Achieving and maintaining certification makes the organization more desirable to do business with than competitors in the same space. Not only does certification help ensure reliable and efficient systems, it also provides a competitive edge, which can be a financial boon.

Standard Work

Most organizations understand the value of standard work, though they may not refer to it as such. They have procedures, work instructions, Standard Operating Procedures (SOPs), formulas, recipes, etc. One reason for standard work is that it can be measured. If it can be measured, then organizations can determine to what degree each replication of the work varies from the standard. Control or run charts can be established that enable team members to strive toward and adjust their performance so that output is more congruent with the standard. This, in turn, can drive improvement efforts to reduce cost, increase profit, or both.

Organizational Excellence as a Standard

If we understand standards from a regulatory, certification, or operational sense, why do we not understand and accept that organizational excellence is not something that can be asserted? Why do we not accept that a standard exists by which performance of the enterprise, or individual sites within the enterprise, can be measured?

The simple truth is that it takes a long time to turn a big boat. There are many organizations that appreciate the Shingo Model for its breadth and depth of addressing sustained business results. They send their executives, managers, and team members to Shingo workshops with the intent to educate them and infuse the Shingo Model into their respective cultures. Yet organizations and their leaders do not understand the nature of the Shingo Model and the Shingo Prize as a standard of organizational excellence to which they can compare themselves and be measured.

One reason is that they look at the cost of assessment for the Shingo Prize and see it as something that would be “nice to have.” However, within the same circles, preparing and measuring against regulatory, certification, and work standards is essential to the business. Shouldn’t challenging for the Shingo Prize and being measured against the Shingo Model be a business imperative as well?

I postulate that it is because there is no perceived payback and that it is not mandated like regulatory standards are. It is then perceived as to “nice to have.” This is largely driven by the idea that in business, we think in terms of investment and results, in that sequence. We invest in capital projects. We analyze the costs associated, as well as the assumptions with respect to increased revenue and/or cost savings to be realized from that capital investment. We have an expected time frame in which we expect to recover the cost of the capital expenditure. We launch or install the capital investment and then closely monitor the results, determining incrementally over time whether we are on track to produce or save revenue based on the assumptions when the project was implemented.

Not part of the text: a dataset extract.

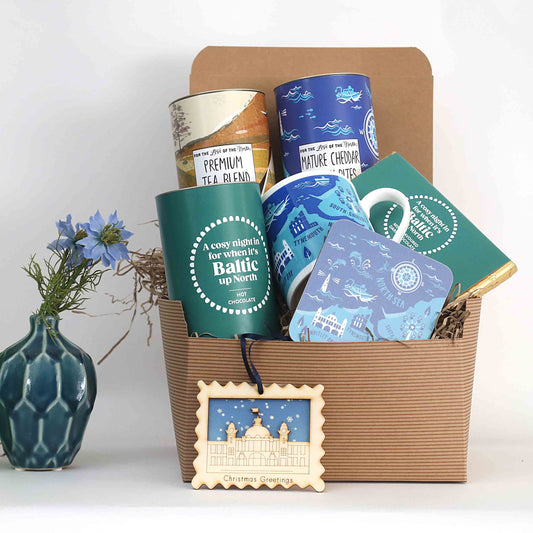 PRE-ORDER Cosy Coastal Gift Box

Organizational excellence is different because the savings and revenue results are incrementally built and established up front. With operational discipline and through the insight of executives, managers, and team members and their engagement with the Shingo Model over time, organizational excellence ensues. The Shingo Institute has thirty-two years of data showing the significant reductions to cost and contributions to profitability that come through organizations that embrace the Shingo Model. But the results come before the investment is being measured against the Shingo Model. Costs have already been reduced. Revenue and profits have already increased. An assessment for the Shingo Prize, unlike other standards, validates rather than assumes. This is a significant difference from any other standard that organizations are familiar with.

Not until leaders see organizational excellence from this perspective will they truly understand the value of organizational excellence that is honestly and openly placed against a recognized standard, the Shingo Model and the Shingo Prize, to be measured and assessed. Standards are easily understood for regulation, certification, and work. It is time now that standards are recognized for organizational excellence as well.